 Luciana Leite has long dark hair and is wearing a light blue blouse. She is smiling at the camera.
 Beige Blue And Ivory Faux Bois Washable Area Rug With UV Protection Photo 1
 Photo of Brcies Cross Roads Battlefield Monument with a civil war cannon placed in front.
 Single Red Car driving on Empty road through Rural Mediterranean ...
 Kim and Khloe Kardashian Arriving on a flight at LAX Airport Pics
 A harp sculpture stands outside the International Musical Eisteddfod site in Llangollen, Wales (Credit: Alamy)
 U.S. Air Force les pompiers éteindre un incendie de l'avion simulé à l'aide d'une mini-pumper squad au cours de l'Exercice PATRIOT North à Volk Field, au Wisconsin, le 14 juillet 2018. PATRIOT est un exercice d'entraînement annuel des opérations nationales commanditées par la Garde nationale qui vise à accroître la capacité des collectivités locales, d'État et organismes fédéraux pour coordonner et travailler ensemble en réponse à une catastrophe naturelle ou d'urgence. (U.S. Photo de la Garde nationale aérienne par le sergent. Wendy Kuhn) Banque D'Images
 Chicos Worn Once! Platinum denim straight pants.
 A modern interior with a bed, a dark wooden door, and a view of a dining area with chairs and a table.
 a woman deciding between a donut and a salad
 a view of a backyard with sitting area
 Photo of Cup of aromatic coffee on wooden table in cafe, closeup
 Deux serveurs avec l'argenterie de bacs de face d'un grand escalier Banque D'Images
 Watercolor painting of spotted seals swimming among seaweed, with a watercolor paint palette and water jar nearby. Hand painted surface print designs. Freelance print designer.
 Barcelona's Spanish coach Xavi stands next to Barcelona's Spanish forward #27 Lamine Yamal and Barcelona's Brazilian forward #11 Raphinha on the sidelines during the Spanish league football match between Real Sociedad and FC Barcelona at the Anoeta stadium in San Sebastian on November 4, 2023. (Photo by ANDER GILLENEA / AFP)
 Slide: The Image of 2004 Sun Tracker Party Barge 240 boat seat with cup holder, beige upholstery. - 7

○ ○ ○ ○ ○

Copy down the material above exactly as it is.

> Problem solution:
 Luciana Leite has long dark hair and is wearing a light blue blouse. She is smiling at the camera.
 Beige Blue And Ivory Faux Bois Washable Area Rug With UV Protection Photo 1
 Photo of Brcies Cross Roads Battlefield Monument with a civil war cannon placed in front.
 Single Red Car driving on Empty road through Rural Mediterranean ...
 Kim and Khloe Kardashian Arriving on a flight at LAX Airport Pics
 A harp sculpture stands outside the International Musical Eisteddfod site in Llangollen, Wales (Credit: Alamy)
 U.S. Air Force les pompiers éteindre un incendie de l'avion simulé à l'aide d'une mini-pumper squad au cours de l'Exercice PATRIOT North à Volk Field, au Wisconsin, le 14 juillet 2018. PATRIOT est un exercice d'entraînement annuel des opérations nationales commanditées par la Garde nationale qui vise à accroître la capacité des collectivités locales, d'État et organismes fédéraux pour coordonner et travailler ensemble en réponse à une catastrophe naturelle ou d'urgence. (U.S. Photo de la Garde nationale aérienne par le sergent. Wendy Kuhn) Banque D'Images
 Chicos Worn Once! Platinum denim straight pants.
 A modern interior with a bed, a dark wooden door, and a view of a dining area with chairs and a table.
 a woman deciding between a donut and a salad
 a view of a backyard with sitting area
 Photo of Cup of aromatic coffee on wooden table in cafe, closeup
 Deux serveurs avec l'argenterie de bacs de face d'un grand escalier Banque D'Images
 Watercolor painting of spotted seals swimming among seaweed, with a watercolor paint palette and water jar nearby. Hand painted surface print designs. Freelance print designer.
 Barcelona's Spanish coach Xavi stands next to Barcelona's Spanish forward #27 Lamine Yamal and Barcelona's Brazilian forward #11 Raphinha on the sidelines during the Spanish league football match between Real Sociedad and FC Barcelona at the Anoeta stadium in San Sebastian on November 4, 2023. (Photo by ANDER GILLENEA / AFP)
 Slide: The Image of 2004 Sun Tracker Party Barge 240 boat seat with cup holder, beige upholstery. - 7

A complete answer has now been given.